À ce jour, quelque 170 livres sont sortis des imprimeries, de formats variés, et à en parcourir la liste, l’éventail est quand même large, des sujets aussi bien que des auteurs. Pas de comité de lecture, pour une plus grande flexibilité, pour plus de rapidité aussi dans la réponse aux demandes de projets (une quinzaine par mois), argumente Caroline Schneider. « Les choix s’effectuent selon plusieurs critères, dont en premier la qualité de l’écriture (ajoutons que Sternberg Press publie quasi exclusivement en langue anglaise), mais aussi la notoriété de l’artiste ou de l’auteur, l’actualité d’un sujet, le budget du livre, etc… »
2 Il existe cette philosophie éditoriale, résumons-la par la proximité la plus étroite au monde de l’art dans son expression d’aujourd’hui. Il est un autre soin frappant : dans la fabrication même des livres. Et pour preuve, les couvertures des collections de poche.

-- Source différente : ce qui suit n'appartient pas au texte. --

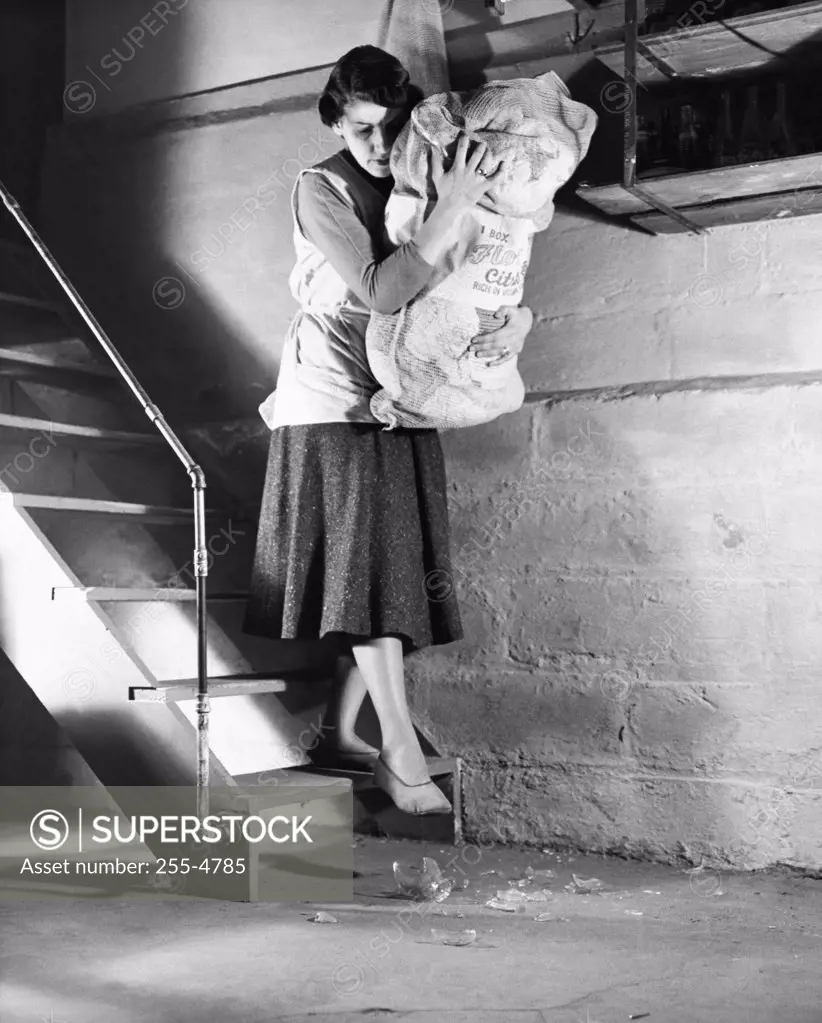 Mid adult woman moving down a staircase with a sack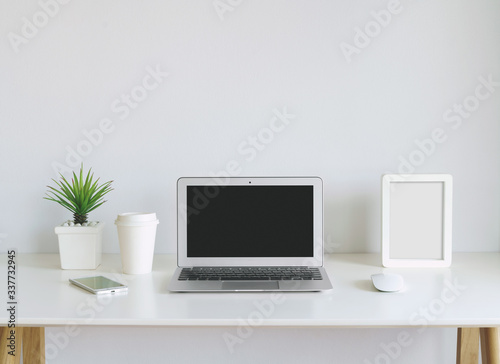 modern lap top template mock up on white and clean work desk with blank screen © tanatat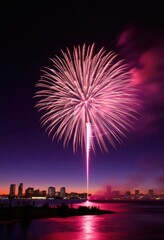 Vibrant pink fireworks burst over a city skyline at dusk, reflecting beautifully on the water, creating a breathtaking evening spectacle.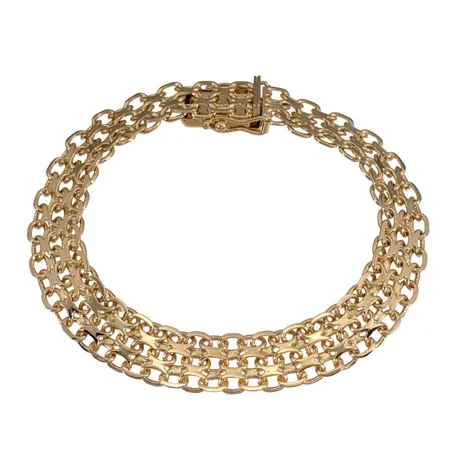 Armband X-länk, 18K guld, Jo-Ans Guld AB, svensk kontrollstämpel, längd knäppt 18,0 cm, bredd 9 mm, fint skick  Vikt: 17,8 g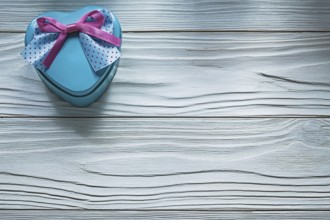 Heart-shaped blue present box with pink bow on wooden board holidays concept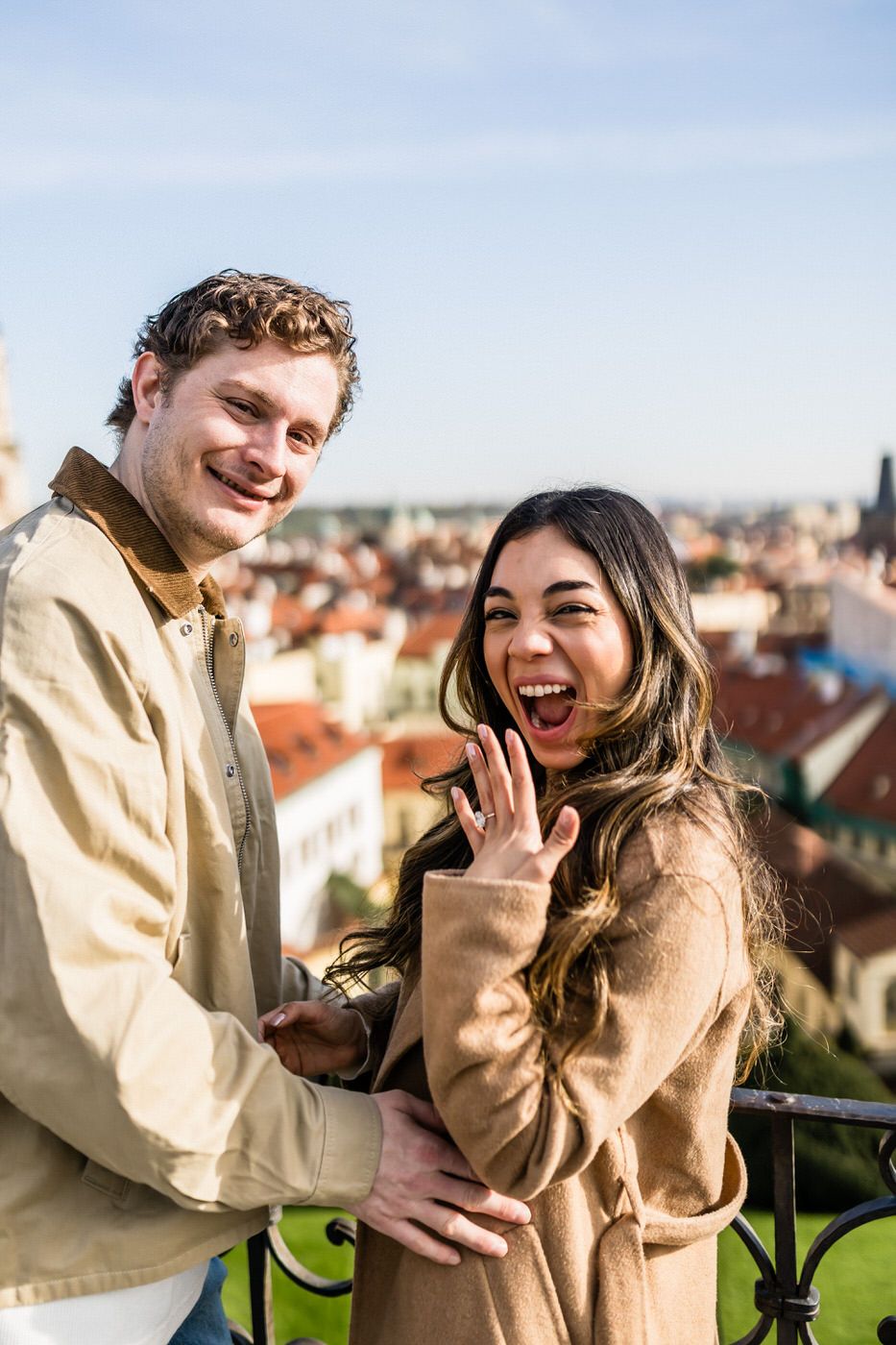 Two people share a joyful moment together on a sunny day with city rooftops in the background.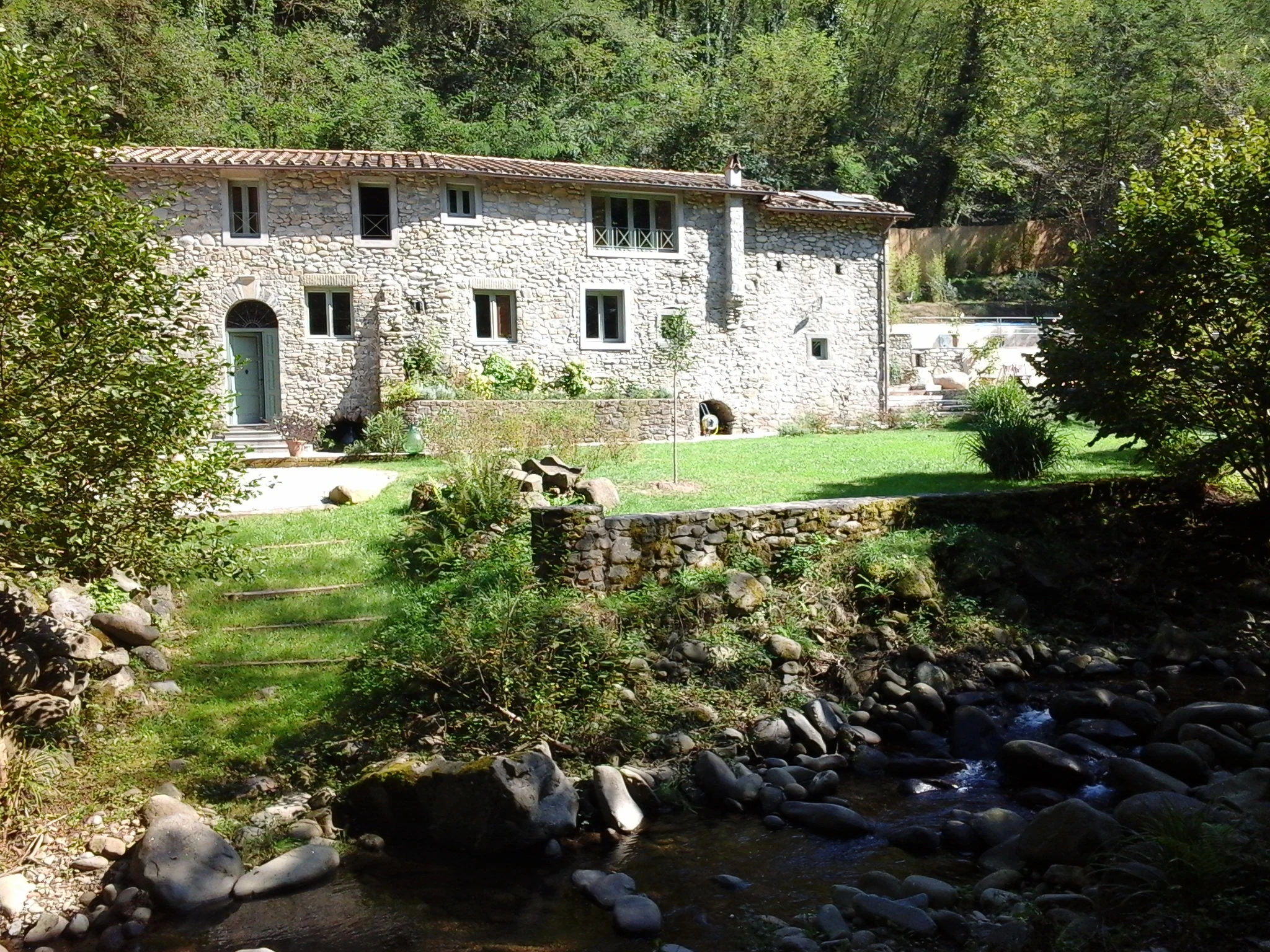 Restored Tuscan millhouse beside a wooded stream and stone bridge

Pour Lukas [&] Sternberg, on a ces beaux faux-textes, rien que leur disposition graphique d’une brillante élégance ; pour l’autre collection, e-flux journal, sous la tutelle de Sternberg Press, trois traits coupent la page de bas en haut, de haut en bas, se prolongent au dos, le dessin est de l’artiste Liam Gillick (chargé en 2009 de la participation allemande à la biennale de Venise). Plus de variété dans le design des autres formats, cela a bonne allure toujours.
Retour au contenu, notamment de deux parutions récentes, avec l’interrogation en particulier sur l’art contemporain. Des essais repris de conférences faites à Shanghai en septembre 2009, rien à ajouter au titre : What Is Contemporary Art ?, des textes de Boris Groys, réunis sous le titre : Going Public, et la question posée d’emblée en donne le ton : « If all things in the world can be considered as sources of aesthetic experience, then art no longer holds a privileged position ».

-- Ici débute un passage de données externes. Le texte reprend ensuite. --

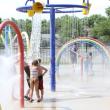 children play at a splash pad
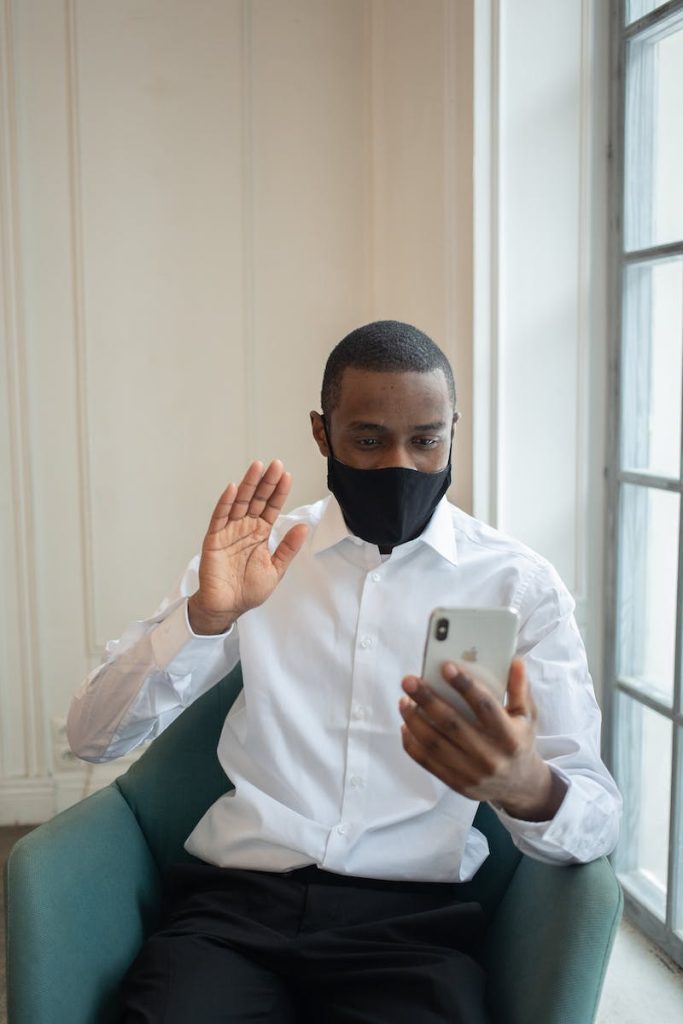Black male executive in textile mask sitting in armchair while showing hello gesture during video chat on cellphone in workspace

3 Un nom vient d’être mentionné, il compte parmi ceux qui recueillent le plus d’attention dans le monde de l’art. Tant d’autres figurent de même dans le catalogue de Sternberg Press : en vrac, et sans prétention vaine à l’exhaustivité, peut-être quelques-uns que le lecteur peut situer plus facilement, Daniel Birnbaum, Nicolas Bourriaud, Maria Lind, Peter Friedl, Jörg Heiser, Hans Ulrich Obrist… À une impressionnante liste d’auteurs individuels, il faut ajouter un autre volet qui semble appelé à prendre de plus en plus d’envergure : la collaboration avec telles institutions, du CPAC de Bordeaux au Moderna Museet de Stockholm, pour ratisser large géographiquement, et l’on y inclura alors le Kunsthaus Graz.
Et cet été, dans les Giardini, où l’on entrera le cœur triste dans le pavillon allemand, Sternberg Press assurera le catalogue pour l’exposition Christoph Schlingensief.

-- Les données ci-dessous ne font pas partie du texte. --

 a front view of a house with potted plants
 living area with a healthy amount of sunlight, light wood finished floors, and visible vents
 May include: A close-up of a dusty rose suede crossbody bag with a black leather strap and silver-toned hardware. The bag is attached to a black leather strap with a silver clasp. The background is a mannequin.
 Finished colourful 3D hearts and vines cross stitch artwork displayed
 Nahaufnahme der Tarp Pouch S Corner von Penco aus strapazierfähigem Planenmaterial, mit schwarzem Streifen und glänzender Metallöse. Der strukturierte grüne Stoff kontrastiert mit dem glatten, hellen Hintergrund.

4 Création, réception, rien de ce qui tient de l’art contemporain n’est étranger à la maison d’édition. Une dizaine d’années après ses courageux débuts, la voici parfaitement établie. Et Caroline Schneider reconnue : l’Art Review l’a mise récemment dans son palmarès The Power 100, à la 85e place : « Sternberg’s particular niche in recent years has come to be an important home for well-chosen artist book projects, long-form essays and creative, readable writing that one can’t imagine being published elsewhere ». Paroles louangeuses qui ne doivent rien au hasard, juste reconnaissance à celle qui a osé entreprendre, fruit d’un travail assidu mené avec compétence.